Coal-fired power plants could benefit from restrictions on carbon emissions.
Coal-fired power plants could benefit from restrictions on carbon emissions. (By Suzanne Plunkett -- Bloomberg News)
Sunday, August 26, 2007

If Congress and the White House agree on legislation that puts a price on carbon dioxide emissions, utilities that have a lot of nuclear power capacity, such as Exelon, could benefit from being able to sell carbon-free electricity. Others, such as American Electric Power, whose coal-fired plants are leading emitters of carbon dioxide, could face new costs. Exelon is up 17 percent percent since the beginning of the year, while AEP has gained 9 percent.

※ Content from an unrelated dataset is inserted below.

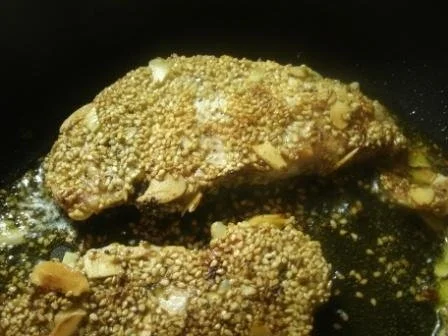 Basilikum Minutenschnitzel von der Hähnchenbrust in Sesam-Mandelpanade - Rezept - Bild Nr. 5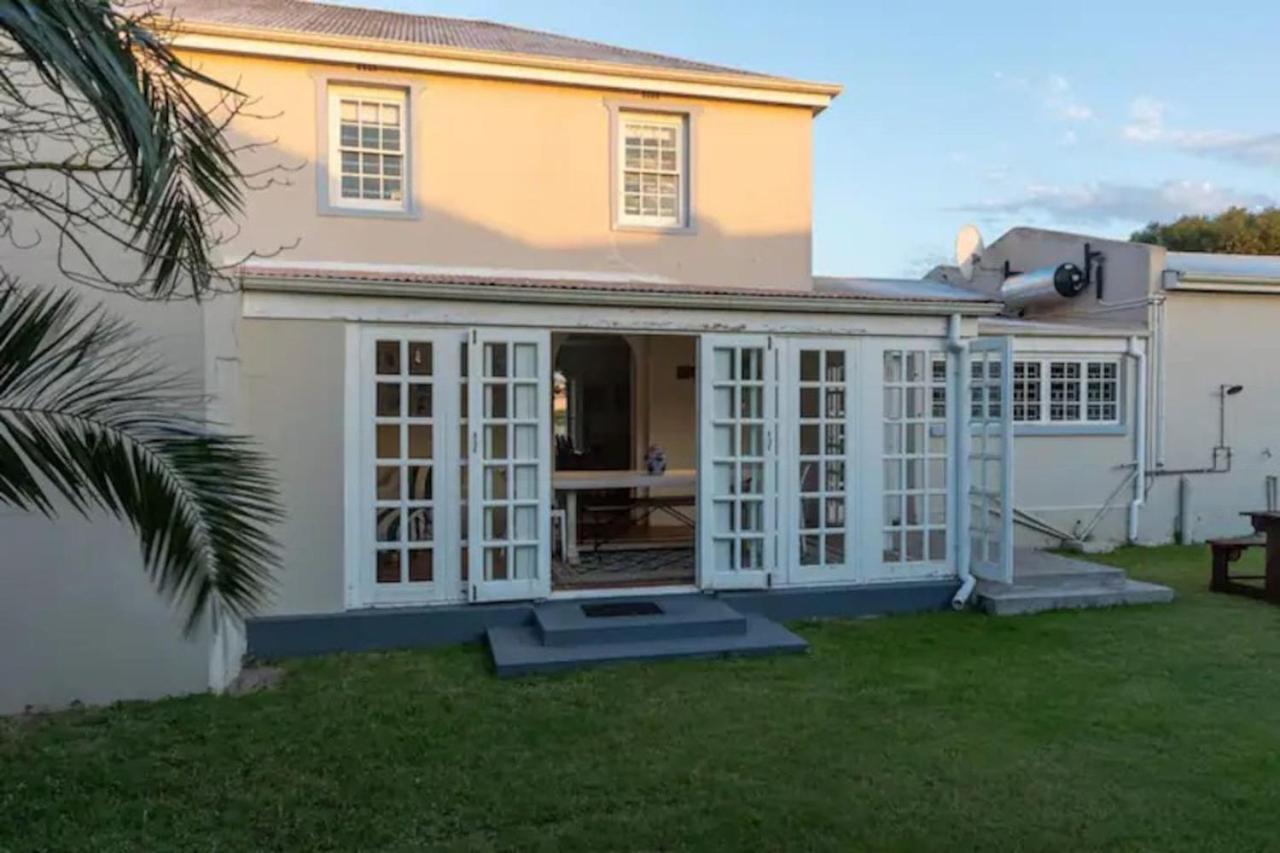 4 Bedroom *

A cap-and-trade system would set a national ceiling on emissions and issue allowances for that amount. Companies with extra allowances could sell them to those falling short.

Michael G. Morris, chief executive of AEP, said, "We could support a cap-and-trade system, but it depends on what it looks like." In a cap-and-trade system, AEP would be hurt if lawmakers decide to auction all emission permits. Morris wants allowances distributed for free to current emitters. He also favors "safety valves" to limit carbon costs as well as incentives for carbon capture and storage techniques. "The key is to make sure we can continue to burn coal and do it as responsibly as we can and not to put a huge burden on our customers," Morris said.

Any company that figures out the best method of separating carbon dioxide from coal-plant emissions and burying it safely underground stands to make lots of money. There are three unproven -- and costly -- technologies now, pioneered by the likes of General Electric, Siemens, Babcock & Wilcox and Alstom.

Meanwhile, the coal rush has showed some signs of slowing. Several plants have been blocked by lawsuits, soaring construction costs and regulatory delays. Citigroup recently downgraded coal stocks.

While conventional wisdom says that pricing carbon dioxide would put a burden on utilities that rely heavily on coal, a recent analysis by Jefferies & Co. said that coal-fired power plants "will also benefit from carbon restrictions assuming they receive an allocation of 25 percent or more of the annual required credits for free." Anything above that "would result in additional margin and profits," the analysts said. The middle-of-the-road proposal backed by Sens. Jeff Bingaman (D-N.M.) and Arlen Specter (R-Pa.) would give utilities more than 50 percent to start with. That explains why so many utility executives endorsed the bill.

The Jefferies analysts said that with a 50 percent allocation of carbon credits and a price of $20 per ton of carbon dioxide, coal-fired electric plants could boost margins by $5.12 per megawatt hour.